- The task:
The answer must be the lines from the one that holds "Респираторный дистресс-синдром (РДС): причины" through the final line of the data, copied exactly, with no pictures.

- Collected material:
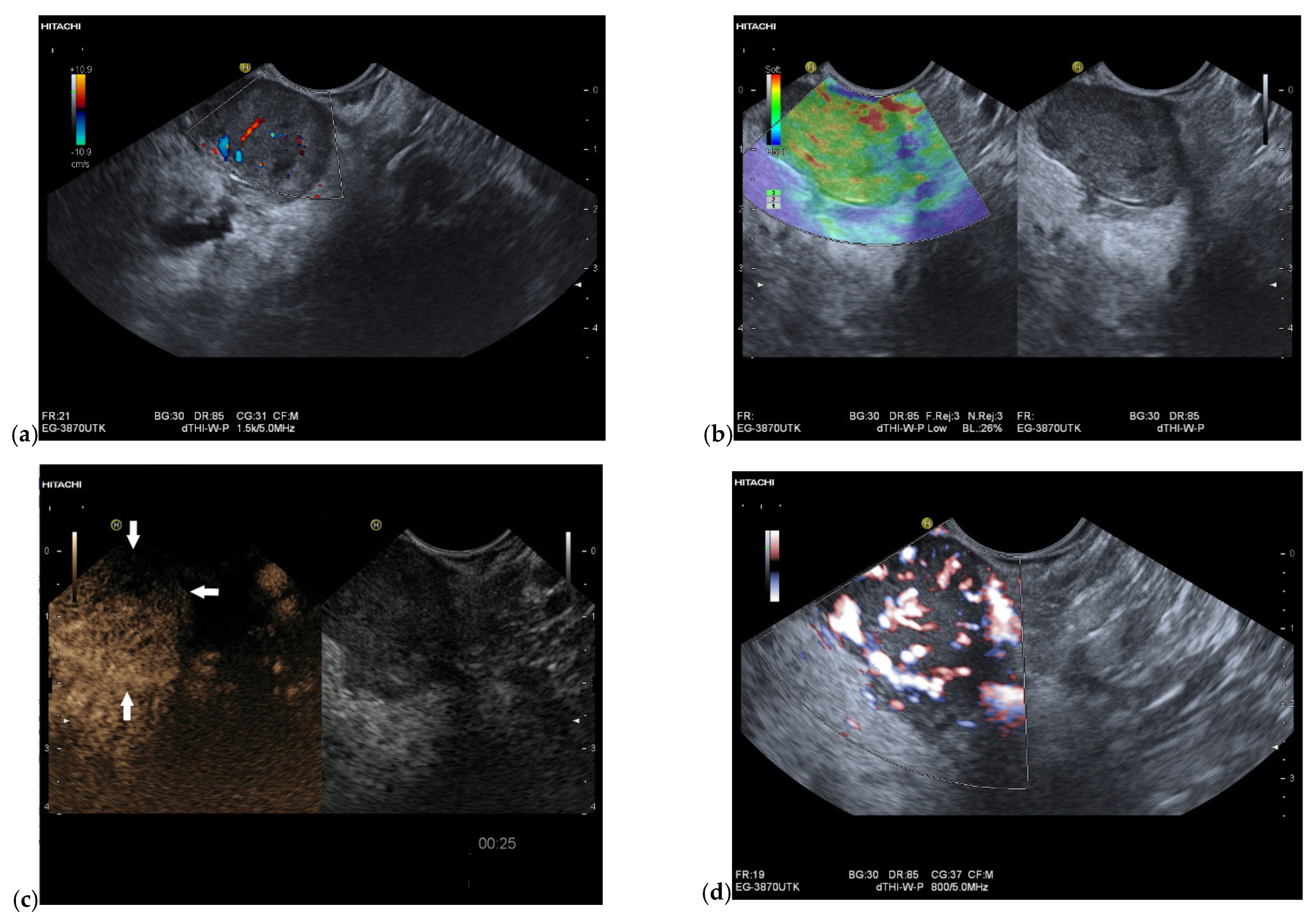 Cancers 15 02546 g002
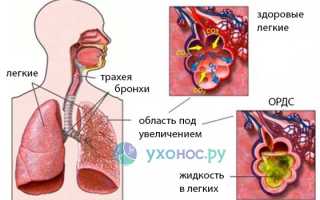 Респираторный дистресс-синдром (РДС): причины и как развивается, симптоматика, лечение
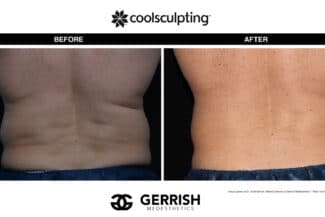 CoolSculpting before and after male back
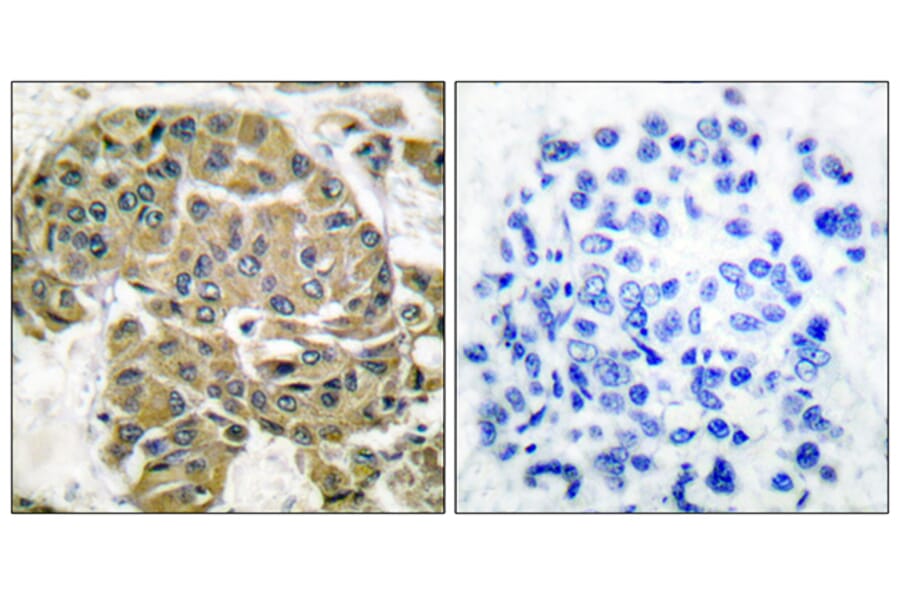 Immunohistochemistry - Anti-Mammaglobin B Antibody (C0256) - Antibodies.com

- Task output:
 Респираторный дистресс-синдром (РДС): причины и как развивается, симптоматика, лечение
 CoolSculpting before and after male back
 Immunohistochemistry - Anti-Mammaglobin B Antibody (C0256) - Antibodies.com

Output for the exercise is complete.